Extraction Pipeline User Guide -

How to extract and normalise key terms from short verbatim responses using TruVerbatim’s Entity Extraction pipeline.

Overview

The Extraction Pipeline is designed for responses that mention specific things – brands, products, features, places, or other named entities. Instead of clustering responses by meaning, the pipeline reads each response and pulls out every entity mentioned, corrects spelling variations, and builds a clean frequency-ranked codeframe.

Each response is assigned:

One or more extracted entities (e.g. “Nike”, “Adidas”)
A raw mention preserving the original text before normalisation

Step-by-Step Guide

Step 1: Upload Your Data

Open TruVerbatim and sign in
Drag and drop your CSV or Excel file onto the upload area in the chat
Select the column containing your verbatim responses

Optional: Enable auto-cleaning to remove personal information, profanity, duplicates, and blank rows.

Step 2: Review the Recommendation

TruVerbatim analyses your data and presents a triage recommendation.
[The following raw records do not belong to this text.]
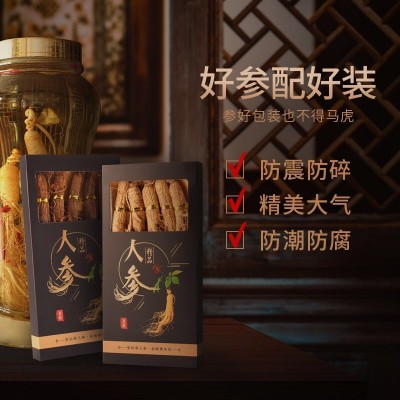 【礼盒干参】厂家批发东北特产 干人参礼盒装 优质整枝原皮参图4
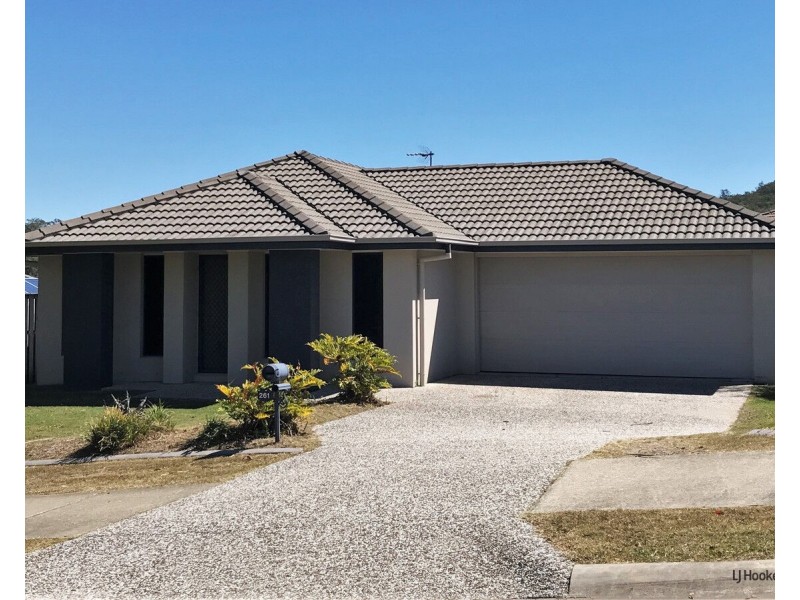 261 Universal Street, Oxenford QLD 4210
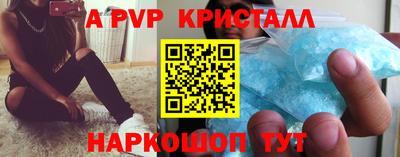 бутират Изобильный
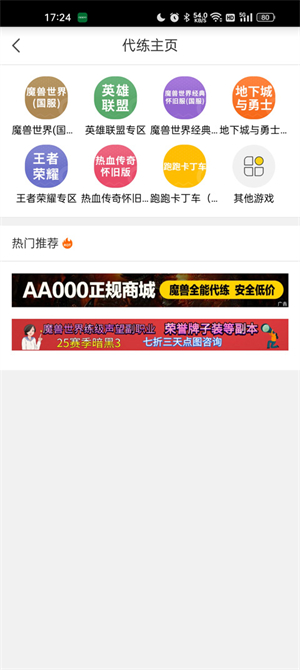5173游戏交易app手机版使用方法5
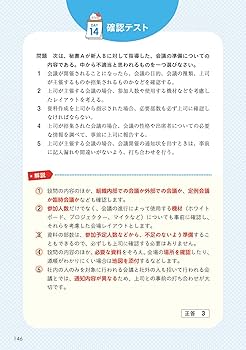 21日で完成! ユーキャンの秘書検定2・3級 速習テキスト&問題集 カラー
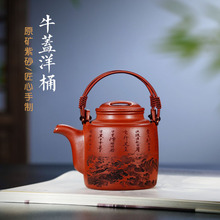提梁壶宜兴紫砂壶牛盖洋桶批发原矿紫泥家用泡茶壶礼品壶一件代发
If your responses are short or sparse, the system will recommend Key Term Extraction as the best approach.

You will see:

A recommendation card with a confidence score
A brief explanation of why extraction was recommended
Key data metrics (median response length, short response rate, vocabulary diversity)

If the recommendation shows “Thematic Analysis” but you know your data contains entity mentions, you can override and select “Key Term Extraction” instead.

Step 3: Select Key Term Extraction

Click the Key Term Extraction pipeline card. The analysis begins immediately.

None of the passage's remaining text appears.